So far, so good, so easy. Notice how there are 1 fewer *4-mer* than *3-mers* in the same sequence. Any sequence of length `L`

will contain `L - k + 1`

*k-mers*, which has implications for *k-mer* analyses when *k* is close to the length of the sequence. When *k << L*, as typically happens when we chop the millions or billions of bp of a genome into *k-mers* with *k* in the low hundreds or even tens, you can pretend there’s a *k-mer* at every position in the genome and forget about it.

I hope you can easily imagine the many analyses that can be performed with *k-mers*, but if not, don’t worry, I will show some along the way).

### **Why are ***k-mers* so popular ?

*k-mers*so popular ?

Decomposing a sequence into its *k-mers* for analysis allows this set of fixed-size chunks to be analysed rather than the sequence, and this can be more efficient. *K-mers* are very useful in sequence matching (string matching with n-grams has a rich history), and set operations are faster, easier, and there are a lot of readily-available algorithms and techniques to work with them. A simple example: to check if a sequence *S* comes from organism *A* or from organism *B*, assuming the genomes of *A* and *B* are known and sufficiently different, we can check if S contains more *k-mers* present in *A* or in *B*. Yes, there are many tools that do just that.

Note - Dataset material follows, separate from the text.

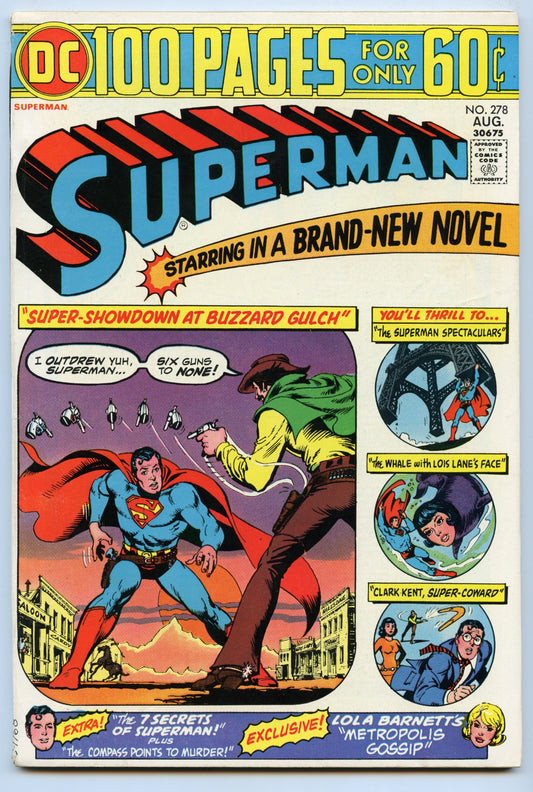 Superman 278 (Aug 1974) FI/VF (7.0)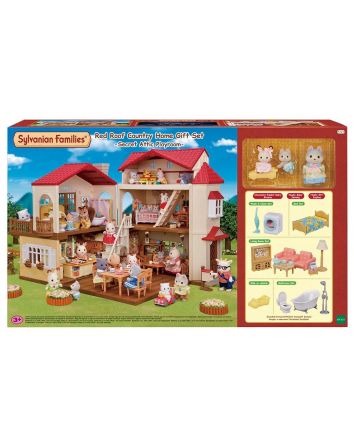 Sylvanian Families Red Roof Country Home Gift Set Secret Attic Playroom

Basically, using *k-mers* simplifies bioinformatics to counting and comparing whether things are there or not.

## Reverse complement and canonical *k-mers*

**Note: for this section I assume double-strandness is the typical use case. This is a fair assumption, but there will be exceptions*

DNA is normally double stranded, with bases paired on the opposite strands and we normally read (or sequence) on either of the two strands. However, we would like to consider every location of the genome once, no matter on which strand we happened to have landed.

In short: if we read the sequence `ATCGAC`

that is an observation for that sequence *and its reverse complement* `GTCGAT`

to exist in the genome. One appears when reading the genome in one direction and the other on its opposite, we could have sequenced any of them. So for the sake of completeness we should perform all analyses by considering this sequence `ATCGAC/GTCGAT`

.

Luckily, there is a method in *k-mer* analysis (or in sequence analysis in general) to be sure we always talk about the same sequence in the same way: we can use only the *canonical* sequence of a *k-mer* pair, this is the lexicographically smaller of the two *reverse complementary* sequences. In other words, the one that comes earliest in alphabetical order.

Most *k-mer* counting tools will either count in canonical *k-mers* or have an option to switch between canonical and non-canonical. Most of the time canonical counting will be the default. This means if `GTCGAT`

appears it will be counted as `ATCGAC`

. Most of the time this is exactly what we want.

Here are the *3-mers* of `ATCGATCAC`

, this time including the *reverse complement* and the *canonical* of each *3-mer* too.

Offset | 0 | 1 | 2 | 3 | 4 | 5 | 6 |
---|---|---|---|---|---|---|---|

3-mer |
ATC | TCG | CGA | GAT | ATC | TCA | CAC |

Reverse Complement |
GAT | CGA | TCG | ATC | GAT | TGA | GTG |

Canonical |
ATC | CGA | CGA | ATC | ATC | TCA | CAC |

As you can see, in some cases the canonical *k-mer* appeared in the original sequence, but in other cases it was the *reverse complement*.

### Why do many tools use odd values for *k* ?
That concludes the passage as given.